The Publishing Post
Disability Representation in Fiction
For National Disabilities Awareness Month, we are celebrating the achievements of those living with chronic illnesses and disabilities. Here are our top book recommendations that give a new perspective on ability and disability, highlighting the importance of disability representation in fiction.
The Shock of the Fall by Nathan Filer
The Shock of the Fall was British author Nathan Filer’s debut, exploring schizophrenia and the trials of living with mental illness through the eyes of Matthew after his brother, Simon, dies. Filer is a trained psychiatric nurse with a degree in mental health nursing, making his novel all the more impactful. Matthew’s complex battle with schizophrenia begins after Simon’s death, and the narrative jumps around from diary entries to letters all written for his brother. We see the confusion and panic schizophrenia induces in the individual, and the exponential decline in Matthew’s mental health as he becomes increasingly isolated. This is a deeply affecting book that continues to be praised for raising awareness of the realities of mental illness.
Wonder by R.J. Palacio
If you remember the terrifying years of childhood, you’ll appreciate August’s story in Wonder by R.J. Palacio. 10-year-old Auggie is going to school for the first time in his life and, in addition to navigating the world of education and making new friends, he has a severe facial deformity that stops strangers in their tracks. While August’s story is not an easy one to read, it is a rare story written with sensitivity and insight that deserves to be read. An up-beat, life-affirming narrative about growing up, this story gives readers an intimate portrayal of August’s fight for acceptance. Wonder is a novel that made me want to embrace life and the people in it, a book that is a must for everyone.

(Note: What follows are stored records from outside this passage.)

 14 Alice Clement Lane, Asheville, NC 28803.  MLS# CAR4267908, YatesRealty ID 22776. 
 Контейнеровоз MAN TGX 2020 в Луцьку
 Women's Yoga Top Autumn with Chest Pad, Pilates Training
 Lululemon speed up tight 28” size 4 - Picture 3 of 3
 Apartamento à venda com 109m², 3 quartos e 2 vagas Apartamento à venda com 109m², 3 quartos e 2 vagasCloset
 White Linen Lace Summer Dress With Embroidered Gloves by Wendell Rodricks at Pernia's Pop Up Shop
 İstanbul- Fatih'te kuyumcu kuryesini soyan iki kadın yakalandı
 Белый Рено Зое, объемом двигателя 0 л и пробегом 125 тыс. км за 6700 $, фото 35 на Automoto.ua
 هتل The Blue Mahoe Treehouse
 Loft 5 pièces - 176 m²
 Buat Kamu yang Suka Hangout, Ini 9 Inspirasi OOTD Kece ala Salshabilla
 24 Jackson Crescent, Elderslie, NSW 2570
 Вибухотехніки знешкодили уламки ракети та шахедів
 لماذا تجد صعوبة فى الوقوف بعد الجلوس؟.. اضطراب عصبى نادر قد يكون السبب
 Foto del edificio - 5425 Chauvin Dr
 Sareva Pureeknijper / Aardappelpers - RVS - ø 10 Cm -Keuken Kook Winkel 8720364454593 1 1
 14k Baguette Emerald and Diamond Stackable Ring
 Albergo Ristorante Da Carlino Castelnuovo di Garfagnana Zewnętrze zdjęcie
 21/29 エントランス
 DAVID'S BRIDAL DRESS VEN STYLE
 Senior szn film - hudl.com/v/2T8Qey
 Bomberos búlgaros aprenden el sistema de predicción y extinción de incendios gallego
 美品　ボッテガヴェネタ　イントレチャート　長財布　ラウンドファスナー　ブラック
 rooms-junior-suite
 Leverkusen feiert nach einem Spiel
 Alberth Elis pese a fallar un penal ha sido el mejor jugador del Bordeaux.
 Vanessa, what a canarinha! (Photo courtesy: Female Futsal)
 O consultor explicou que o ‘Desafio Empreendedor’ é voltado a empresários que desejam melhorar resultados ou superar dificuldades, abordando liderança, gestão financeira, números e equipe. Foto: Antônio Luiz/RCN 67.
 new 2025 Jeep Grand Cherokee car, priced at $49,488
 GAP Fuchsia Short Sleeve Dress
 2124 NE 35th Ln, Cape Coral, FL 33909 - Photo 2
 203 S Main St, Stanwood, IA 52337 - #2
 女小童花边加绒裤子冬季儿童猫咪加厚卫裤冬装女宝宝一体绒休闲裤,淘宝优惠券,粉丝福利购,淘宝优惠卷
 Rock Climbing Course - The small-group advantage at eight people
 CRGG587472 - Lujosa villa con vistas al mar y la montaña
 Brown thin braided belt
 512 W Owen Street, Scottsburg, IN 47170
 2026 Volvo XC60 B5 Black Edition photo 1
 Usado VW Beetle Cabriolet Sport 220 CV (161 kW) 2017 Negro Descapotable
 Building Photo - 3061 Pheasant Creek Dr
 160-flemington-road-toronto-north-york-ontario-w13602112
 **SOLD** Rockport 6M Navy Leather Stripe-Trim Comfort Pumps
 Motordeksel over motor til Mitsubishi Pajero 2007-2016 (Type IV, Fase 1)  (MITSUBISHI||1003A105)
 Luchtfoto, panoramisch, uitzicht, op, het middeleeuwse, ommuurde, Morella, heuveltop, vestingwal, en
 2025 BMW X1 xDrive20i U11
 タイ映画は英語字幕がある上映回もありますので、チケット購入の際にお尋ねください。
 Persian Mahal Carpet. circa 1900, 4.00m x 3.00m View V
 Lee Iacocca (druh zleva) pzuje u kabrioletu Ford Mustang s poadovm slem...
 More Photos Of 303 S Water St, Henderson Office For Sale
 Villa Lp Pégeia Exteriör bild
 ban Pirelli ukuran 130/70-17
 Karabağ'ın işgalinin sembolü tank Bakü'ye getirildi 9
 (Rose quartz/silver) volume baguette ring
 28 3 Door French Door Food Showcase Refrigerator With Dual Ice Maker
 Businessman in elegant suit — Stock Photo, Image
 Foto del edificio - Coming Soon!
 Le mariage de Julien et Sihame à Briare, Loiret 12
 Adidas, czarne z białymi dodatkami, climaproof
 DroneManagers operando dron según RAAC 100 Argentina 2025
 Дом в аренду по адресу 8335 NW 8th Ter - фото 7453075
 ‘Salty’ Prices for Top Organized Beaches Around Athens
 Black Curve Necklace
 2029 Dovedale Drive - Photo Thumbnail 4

Please Read This Leaflet Carefully by Karen Havelin
Pain is part of the human experience, often coupled with the happy ending of a cure. But the thing about chronic illness is that there isn’t necessarily a cure, it is a constant cycle that affects daily life. Please Read This Leaflet Carefully by Karen Havelin, published by Dead Ink Books, follows Laura Fjellstad as she details her life with endometriosis. The book is told in reverse, from 2016 to 1995, where we see Laura’s journey with her body and illness – meeting her younger, healthier selves and seeing how far she has come since. It is so important that these experiences are represented in fiction to encourage conversations about illness for people who can relate, those who are undiagnosed and those who don’t know anything at all.
The Curious Incident of the Dog in the Night-Time by Mark Haddon
An important aspect of representation is that disability doesn’t always have to be the whole focus of the plot. The fact that The Curious Incident is told from the perspective of “a mathematician with behavioural difficulties” allows the reader to understand the narrator’s disability in a different way. Haddon has cleverly crafted a murder mystery in which we are able to see things with a unique perspective. Vitally, the book doesn’t focus on Christopher’s disability, but rather how he is differently abled. It is a moving and often funny book with an incredible and vivid narrator that will stick with you long after reading.
Five Steps to Happy by Ella Dove
When Ella Dove went out for a run one morning her life changed irrevocably. Ella stumbled and fell, and the injury she sustained resulted in a below-knee amputation. We find Heidi, the main character in Five Steps to Happy, in the same life-altering position. We follow Heidi’s journey as she learns to navigate new challenges, realising that her life is far from over – even when it looks and feels so different to what she had planned. The strength in this story comes not only from Ella’s wonderful narrative and relatable characters, but also from the raw emotion produced by its basis on a true story. Described as “an uplifting novel,” Five Steps to Happy is a story of hope.
What Stars Are Made Of by Sarah Allen
Sarah Allen’s debut middle-grade novel follows Libby Monroe, a plucky 12-year-old protagonist born with Turner Syndrome. Libby is an aspiring scientist with a loving family, supportive friends and a determined mind. After learning that her beloved older sister Nonny is pregnant, she wants to help take care of the sister who has always cared for her. She works to craft the perfect essay about her hero Cecelia Payne for a contest, determined to win the prize money for her sister. A heartwarming story of family and friendship, What Stars Are Made Of illustrates how Libby’s compassion and tenacious spirit allows her to move the stars for her loved ones.